Why you should be excited

Granny Smith is a variety originating in Australia that does a few things very well: it’s hard, it’s sour and it’s green.

The story of Granny Smith

You may have heard of this apple variety…

Maybe the worst thing that can happen to an apple is what’s also the best: it becomes so widely grown that almost everyone has tried it and many people have grown bored with it.

Maria Smith likely had no idea, when she found a little apple tree seedling growing in her New South Wales, Australia compost pile, that it would become perhaps the most recognized of all apples.

By today’s standards, Granny Smith is a bit passé, with its simple sour flavour and total absence of the more popular red colouring.
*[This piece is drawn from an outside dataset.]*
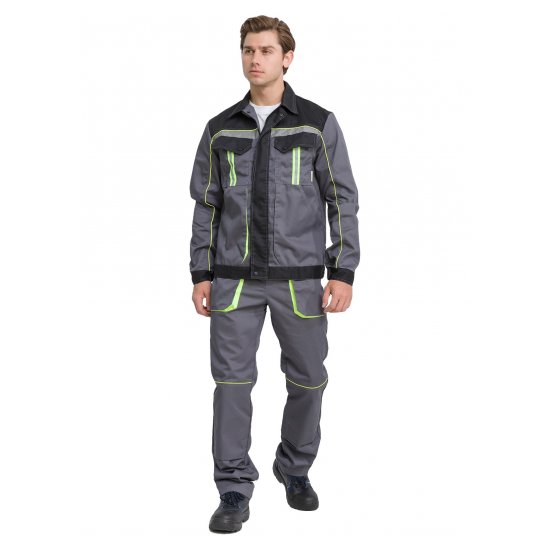 Комплект рабочей спецодежды Pentalab Костюм мужской "ОПТИМА NEO" (куртка/брюки), (р. 52-54/182-188)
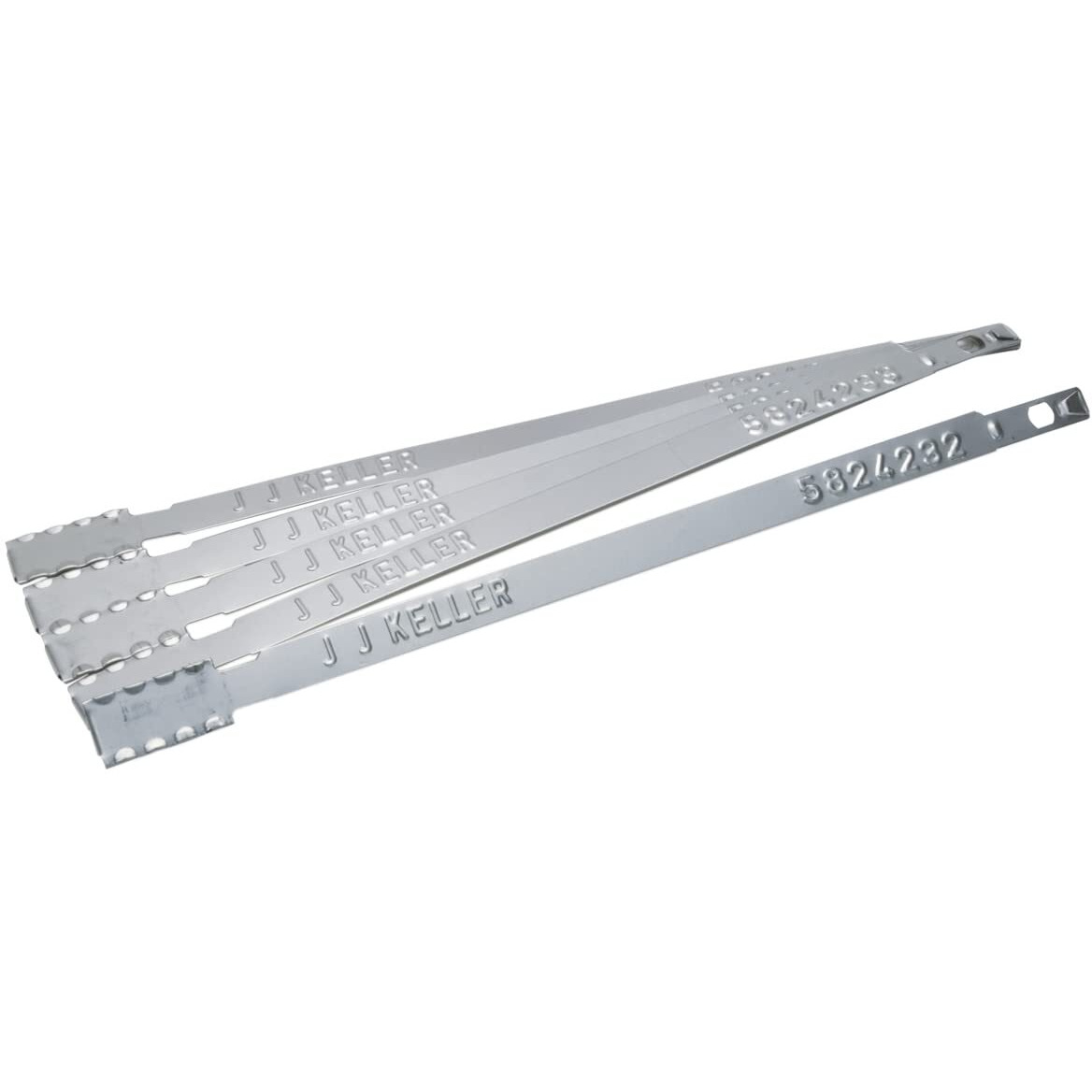 RoadPro Trailer Seals RP72185 Flat Metal Truck Cargo Seals Trailer Securing Bands Multipurpose Self-Locking Zip-Ties (Pack of 5)-Silver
But Granny Smith remains a very good cooking apple and a good choice when you want an apple that’s simply crisp and super-sour.

Granny Smith Facts

Its origins

Discovered near Sidney, New South Wales, Australia, 1860s.

Flavour, aroma, texture

Hard, crisp, juicy and acidic.

Appearance

The iconic bright green apple.

When they’re available

Very late season (in our orchard, we expect early-mid October).

Quality for fresh eating

Good.

Quality for cooking

Very good.

Quality for cider

Could be a useful source of acid in cider blends.

Keeping ability

Very good (3-4 months when kept refrigerated).